Norman Sanier, who, at the age of 50, went back to his family's 30 acre orchard and brought it back from wilderness. Orchard farming is dying all over the world but Norman has brought his orchard back to life - and into the community. People buy 'crop shares' for £250 and get fruit, jams, juices year round - and can take part in all sorts of environmental and farming community activities all based around the ancient festivals of the seasons - e.g. May Day.
Project no. 2 OTTERY ST MARY (Environment)
RIO -Recycling in Ottery St Mary. Tiny story of five people who re-trained a village. Nice because of the title!
Project no. 3 LONDON (Preventable disease)
This posting is from Henrietta Spink who has founded the Henry Spink Foundation to help children with special needs to have access to complementary medicine. The foundation has just launched a poster campaign - so look out for it
Henrietta has two children: Freddie and Henry. She writes:
My children were the first proven case of damage in utero from the mercury in my fillings. Professor Ramachandran [Channel 4 ''Phantoms of the Brain] has just taken Henry on to see if he can find the final missing link to allow him to function.
We have just had a major poster campaign across London to advertise our service. Our website last month had 25,000 hits. 50% of our calls come from the USA. The rest in the UK.
My other hat is that of campaigning for equal rights for special needs children.
Suffice it to say that one of the major changes that I wish to alter before the new code of practice for special education needs [or not so special] is brought out early next year, is that of 'enforcement' of the code. Parents are blackmailed into going to tribunal to gain the most basic provision for their children. With in the Tribunal system perjury is legal and no costs can be awarded yet it is a statutory court of law!
I want the gift of my children not to have been wasted!!
Hope its of interest?
Henrietta
Project no.4 LONDON (Environment).
Barnet Council in North London has launched a pilot campaign called 'Streetwise Barnet' with a new 'Town Keeper' to clean up the borough's streets. At the moment the Town Keeper will just work in East Barnet Village - but he or she will patrol the area first thing each morning to discover what needs to be done over litter, graffiti, fly-posting, damage to roads and pavements and general maintenance. They'll carry special cleaning equipment and mobile phones to call other workers in if the job is too big for them.This should mean that by the time people wake up and notice that something is wrong outside - it will already be being sorted. Golders Green and West Hendon boroughs are also going to try the pilot scheme.
Project no.1 LONDON - WORLDWIDE (Environment).
The United Nations Environment Programme (UNEP) gave the Environmental Investigation Agency (EIA) the prestigious Global 500 Roll of Honour for outstanding contributions to the protection of the environment in June 2001.

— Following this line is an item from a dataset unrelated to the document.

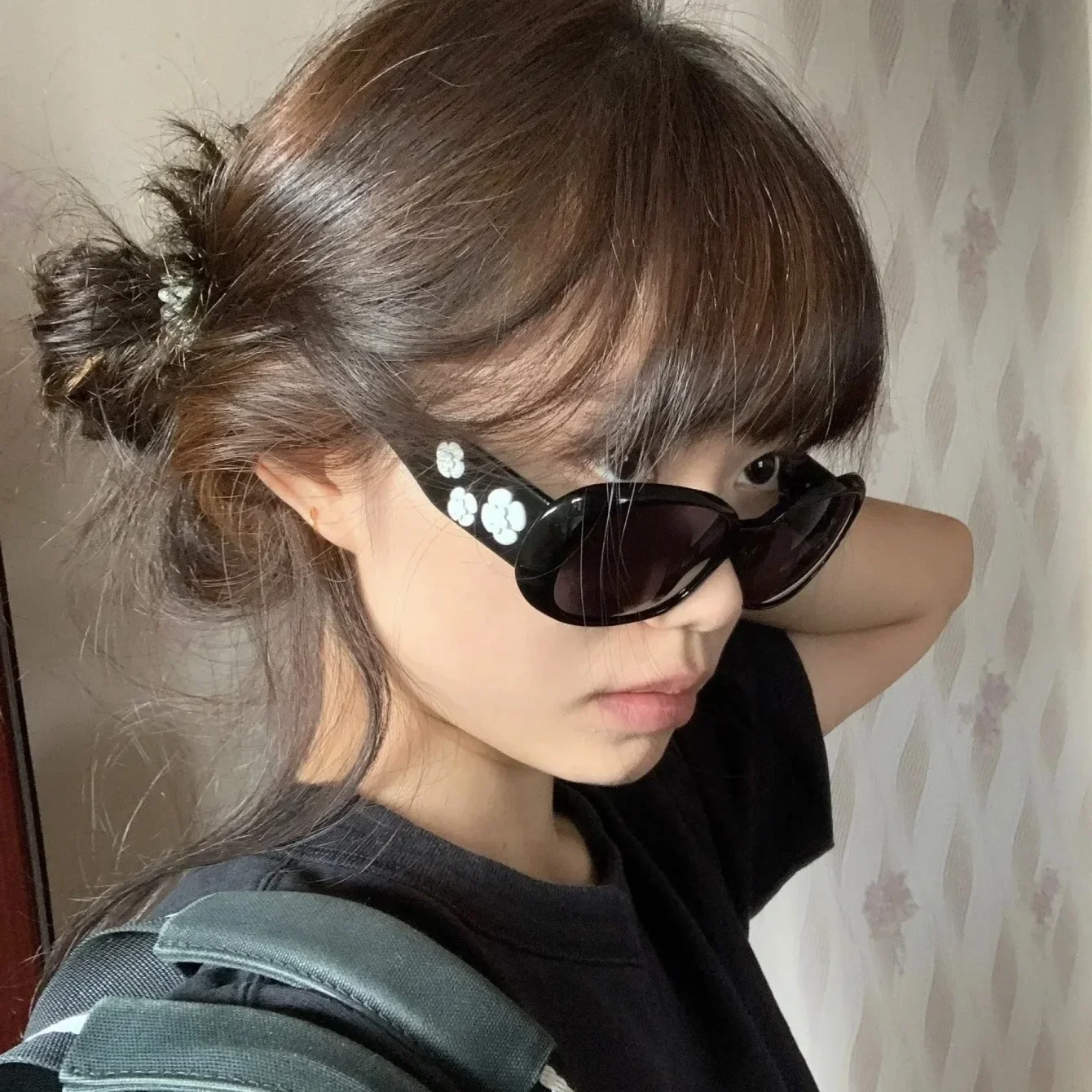 Medieval retro camellia black and white with sunglasses women's anti-ultraviolet outdoor all-black sunglasses trend simple
Medieval retro camellia black and white with sunglasses women's anti-ultraviolet outdoor all-black sunglasses trend simple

EIA was established in 1984 to investigate and campaign against the illegal trade in wildlife and the destruction of the natural environment. They are based in the UK and USA and have pioneered the use of undercover investigative techniques to expose international environmental crime. EIA's work focuses on the world-wide trade in ozone depleting substances, the global trade in threatened species, and the illegal logging and trade in timber, and has directly effected changes in international environmental laws and government policies.
Some of EIA's past successes include the exposure of a thriving and sophisticated black market in ozone depleting substances across Europe, which led to EU regulation banning both the sales and the use of halons, and a two year investigation into the billion dollar illegal ivory trade which led to a world-wide ban on this international illicit trade.
Recently, EIA's investigations into the biggest cetacean hunt in the world (the Dall's porpoise hunt in Japan) resulted in the International Whaling Commission passing a resolution calling on Japan to lower the number of porpoises killed, and repeated documentation of massive illegal logging in the national parks of Indonesia, home to the endangered orang-utan, has prompted the Government of Indonesia to enact a domestic and international ban on ramin, a key threatened tree species.